接着访问八个顶点的尺度特征,f_0-f_7,形状[…, num_levels, features_per_level]。
最后进行线性插值,concatenate得到最终的encoding。
def pytorch_fwd(self, in_tensor: TensorType["bs":..., "input_dim"]) -> TensorType["bs":..., "output_dim"]:
"""Forward pass using pytorch. Significantly slower than TCNN implementation."""
assert in_tensor.shape[-1] == 3
in_tensor = in_tensor[..., None, :] # [..., 1, 3]
scaled = in_tensor * self.scalings.view(-1, 1).to(in_tensor.device) # [..., num_levels, 3]
scaled_c = torch.ceil(scaled).type(torch.int32)
scaled_f = torch.floor(scaled).type(torch.int32)
offset = scaled - scaled_f
hashed_0 = self.hash_fn(scaled_c) # [..., num_levels]
hashed_1 = self.hash_fn(torch.cat([scaled_c[..., 0:1], scaled_f[..., 1:2], scaled_c[..., 2:3]], dim=-1))
hashed_2 = self.hash_fn(torch.cat([scaled_f[..., 0:1], scaled_f[..., 1:2], scaled_c[..., 2:3]], dim=-1))
hashed_3 = self.hash_fn(torch.cat([scaled_f[..., 0:1], scaled_c[..., 1:2], scaled_c[..., 2:3]], dim=-1))
hashed_4 = self.hash_fn(torch.cat([scaled_c[..., 0:1], scaled_c[..., 1:2], scaled_f[..., 2:3]], dim=-1))
hashed_5 = self.hash_fn(torch.cat([scaled_c[..., 0:1], scaled_f[..., 1:2], scaled_f[..., 2:3]], dim=-1))
hashed_6 = self.hash_fn(scaled_f)
hashed_7 = self.hash_fn(torch.cat([scaled_f[..., 0:1], scaled_c[..., 1:2], scaled_f[..., 2:3]], dim=-1))
f_0 = self.hash_table[hashed_0] # [..., num_levels, features_per_level]
f_1 = self.hash_table[hashed_1]
f_2 = self.hash_table[hashed_2]
f_3 = self.hash_table[hashed_3]
f_4 = self.hash_table[hashed_4]
f_5 = self.hash_table[hashed_5]
f_6 = self.hash_table[hashed_6]
f_7 = self.hash_table[hashed_7]
f_03 = f_0 * offset[..., 0:1] + f_3 * (1 - offset[..., 0:1])
f_12 = f_1 * offset[..., 0:1] + f_2 * (1 - offset[..., 0:1])

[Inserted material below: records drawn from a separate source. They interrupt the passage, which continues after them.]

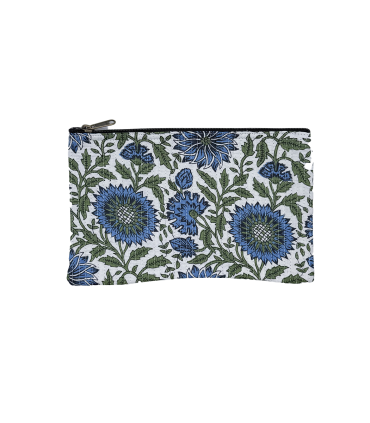 Trousse Coton Indien Matelassé - Grande - Sunny Bleu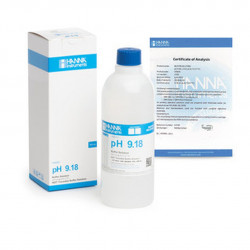 Solution tampon Hanna Instruments, pH 9,18, ±0,01 pH, certificat d'analyse, bouteille 500 mL
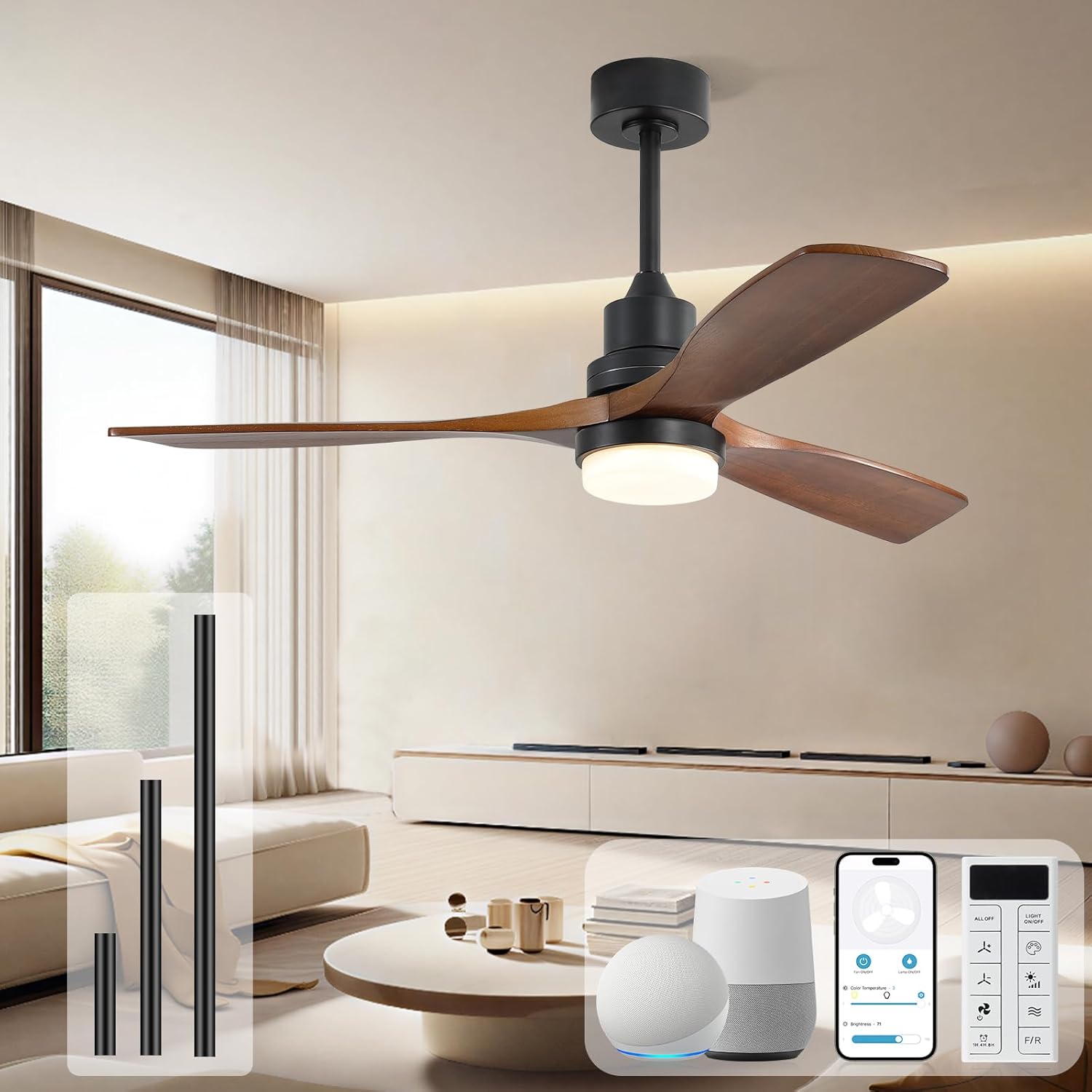 Sofucor Smart Ceiling Fan, 52" Low Profile Ceiling Fans with Lights and Remote, Compatible with Alexa/Google/App, 3-Color Light 6-Speed DC Motor Reversible Timer for Bedroom Living Room Patio Outdoor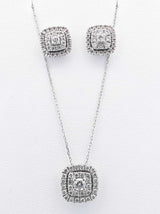 Neil Lane Diamond & 14k White Gold Halo Necklace & Earring Ensemble 6.5g Fwpzxdu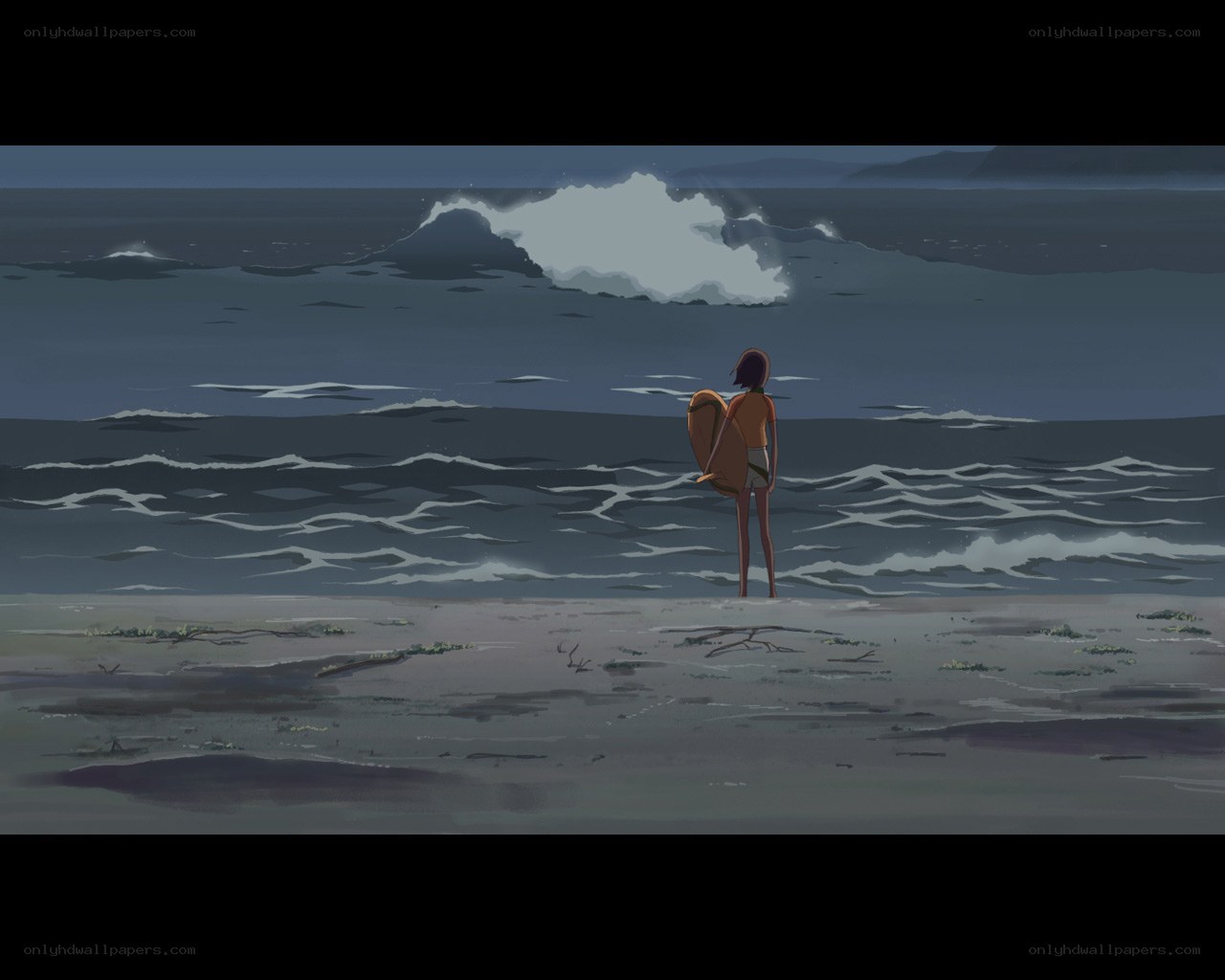child at the beach with surfboard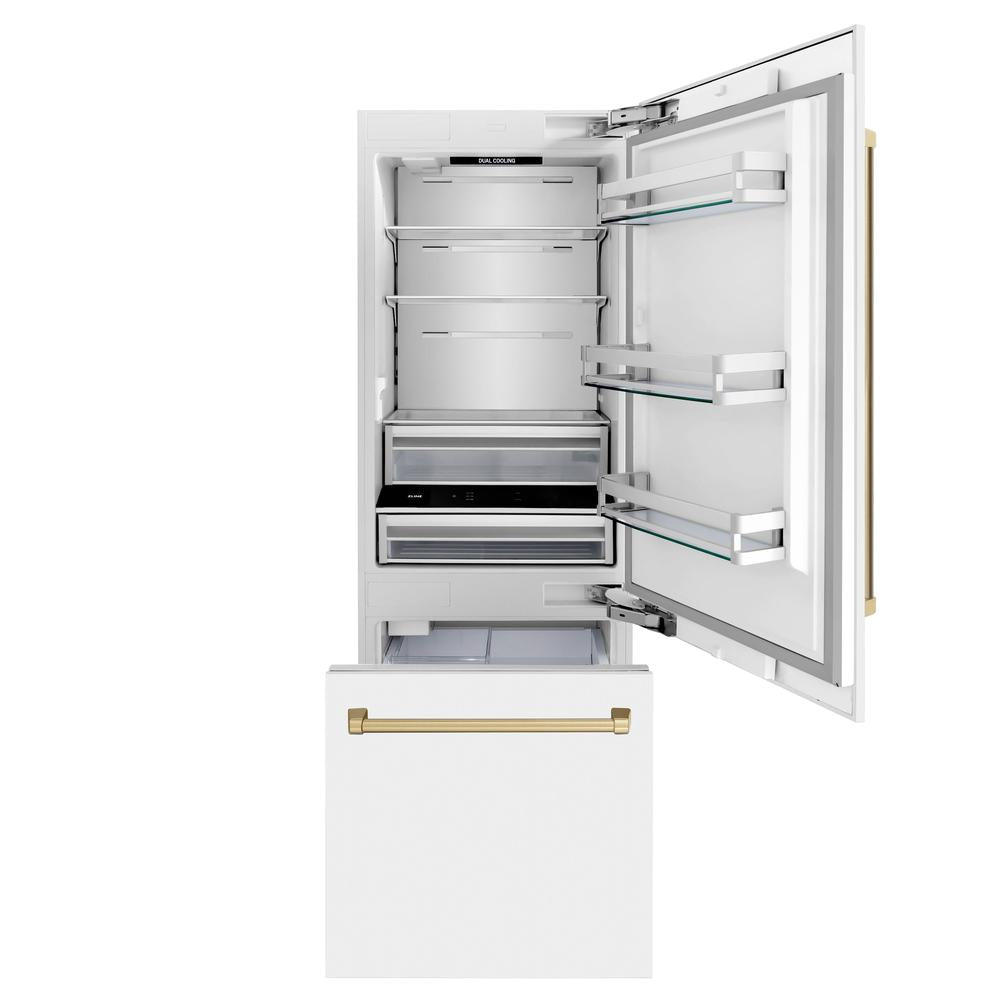 Autograph Edition 30 In. 16.1 Cu. Ft. Built-in Bottom Freezer Refrigerator With Water Dispenser And Ice Maker In White Matte With Champagne Bronze Accents RBIVZWM30CB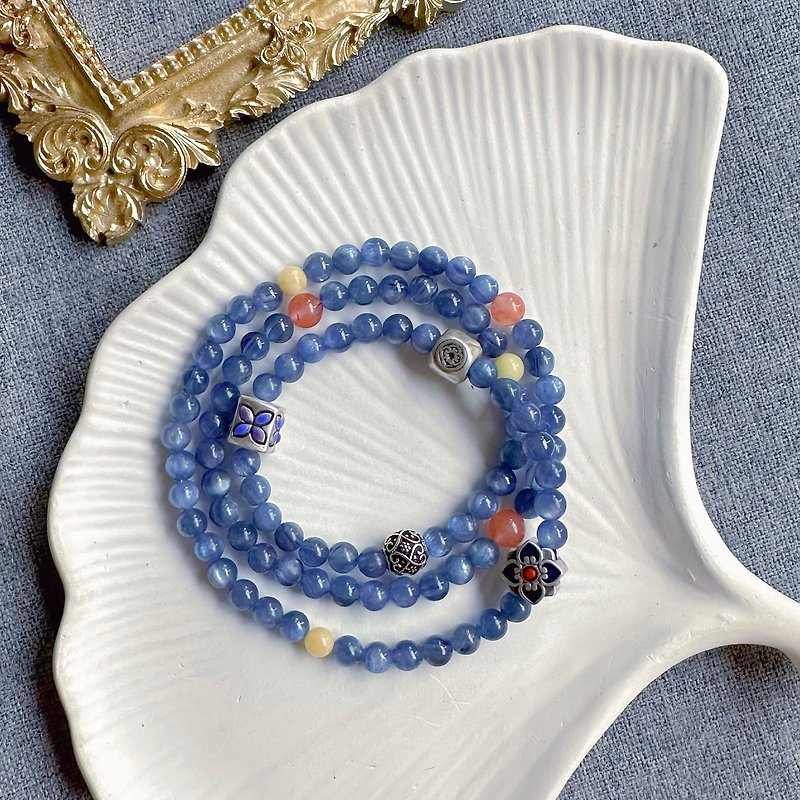 Natural Stone Old Silver Multi-circle Bracelet // Mountain and Jewelry Handmade DIY Original Customization - Bracelets - Crystal Blue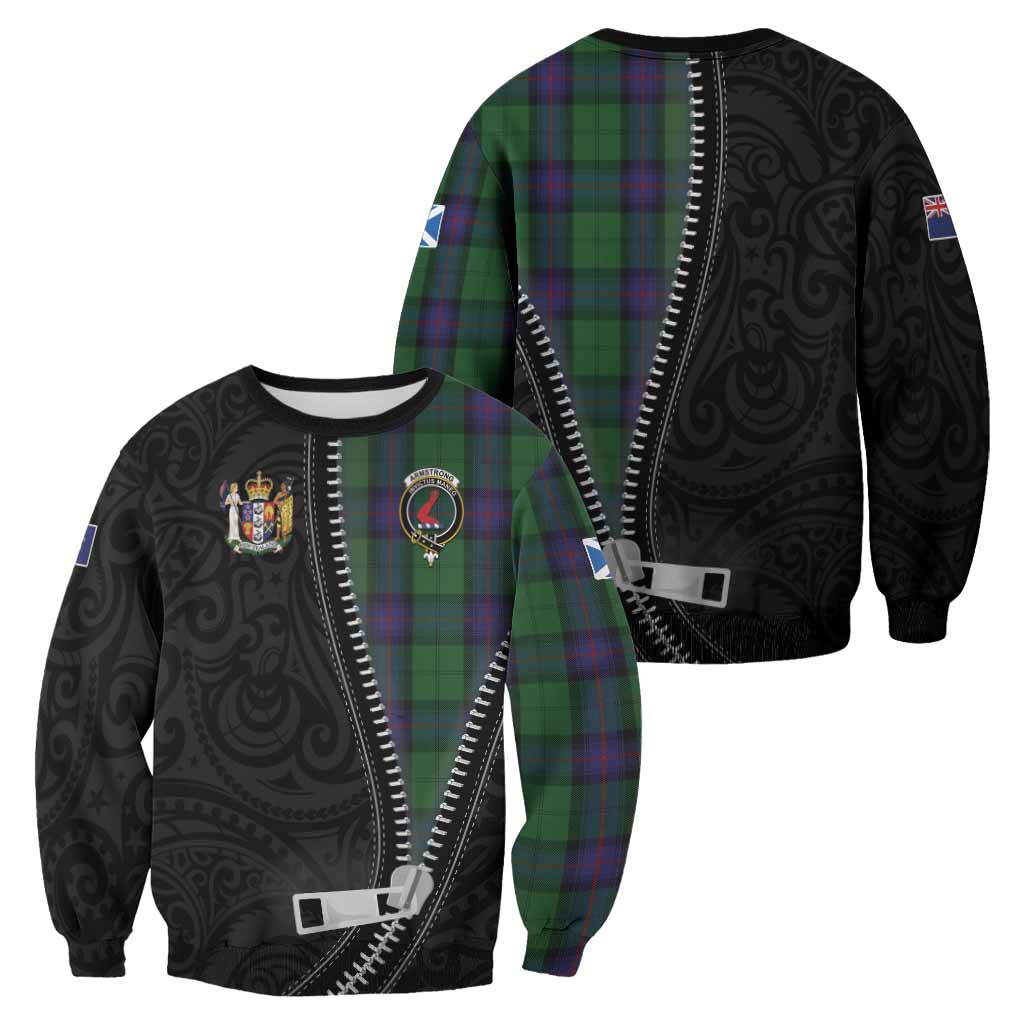 Armstrong Tartan Sweatshirt New Zealand Pattern Unique Zipper Stylized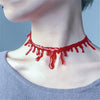 2021 Halloween Red Blood Choker Necklace For Women Scary Vampire Dark Cosplay Necklaces Gothic Jewelry Party Gift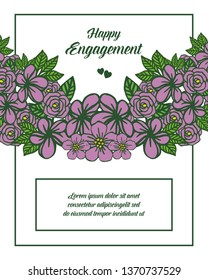 Vector illustration decoration happy engagement for elegant flower frame hand drawn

f_56 = f_5 * offset[..., 0:1] + f_6 * (1 - offset[..., 0:1])
f_47 = f_4 * offset[..., 0:1] + f_7 * (1 - offset[..., 0:1])
f0312 = f_03 * offset[..., 1:2] + f_12 * (1 - offset[..., 1:2])
f4756 = f_47 * offset[..., 1:2] + f_56 * (1 - offset[..., 1:2])
encoded_value = f0312 * offset[..., 2:3] + f4756 * (
1 - offset[..., 2:3]
) # [..., num_levels, features_per_level]
return torch.flatten(encoded_value, start_dim=-2, end_dim=-1) # [..., num_levels * features_per_level]
关键还是要看看hash function的代码。
hash函数首先进行了一个乘法操作,然后进行xyz的异或,再通过求模保证其index范围再hash_table_size内,再通过offset将不同尺度下的index平移到各自所在的hash_table_size大小的数组连续块中。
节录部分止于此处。